45. Başvuruya konu olayda başvurucular ve diğer mirasçılar tarafından 31/12/2014 tarihinde 4721 sayılı Kanun’un 1007. maddesine dayalı olarak tazminat davası açılmıştır. Söz konusu dava, on yıllık zamanaşımı süresi içinde açılmadığı gerekçesiyle reddedilmiştir. Buna karşılık derece mahkemeleri, davanın 18/11/2009 tarihinde etkili ve elverişli hâle gelen hukuk yolunun bu tarihten sonra kullanılmasına imkân sağlayacak makul bir sürede açılıp açılmadığına ilişkin bir değerlendirmede bulunmamıştır.

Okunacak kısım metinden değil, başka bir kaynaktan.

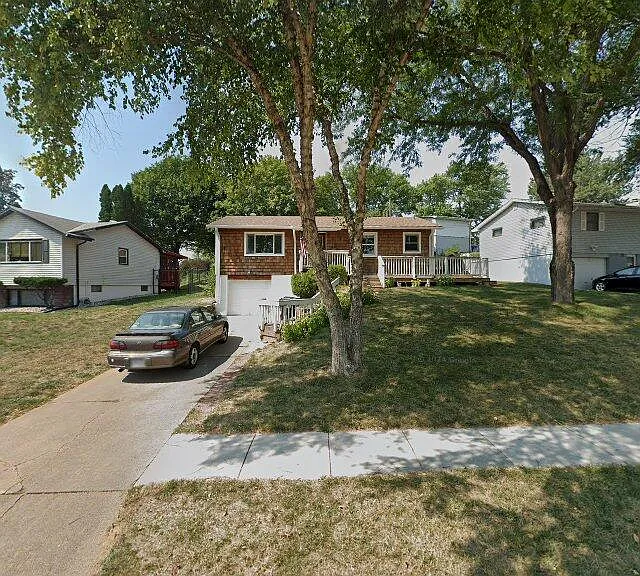 8506 Birch Dr — Photo 1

46. Bu nedenle 18/11/2009 tarihinden önce zamanaşımı süresi dolmuş olan somut olaya konu davanın bu tarihten sonra makul bir süre içinde açılıp açılmadığının tespit edilmesi gerekmektedir. Somut olayda 18/11/2009 tarihinden 5 yıl 1 ay 13 gün sonra açılan davanın makul kabul edilebilecek bir sürede açılmadığı sonucuna varılmıştır. Dolayısıyla 18/11/2009 tarihinde etkili hâle gelen hukuk yolu için bu süreden sonra makul denilebilecek sürede dava açmayan başvurucuların davasının zamanaşımından reddedilmesi suretiyle başvuruculara yüklenen külfetin orantısız olduğundan bahsedilemez. Başvuruya konu şikâyet yönünden kamu yararı ile bireyin mahkemeye erişim hakkı arasında kurulması gereken adil dengenin başvurucular aleyhine bozulmadığı değerlendirilmiştir.
47. Açıklanan gerekçelerle başvurunun açıkça dayanaktan yoksun olması nedeniyle kabul edilemez olduğuna karar verilmesi gerekir.
VI. HÜKÜM
Açıklanan gerekçelerle;
A. Mahkemeye erişim hakkının ihlal edildiğine ilişkin iddianın açıkça dayanaktan yoksun olması nedeniyle KABUL EDİLEMEZ OLDUĞUNA,
B. Yargılama giderlerinin başvurucular üzerinde BIRAKILMASINA 7/1/2025 tarihinde OYBİRLİĞİYLE karar verildi.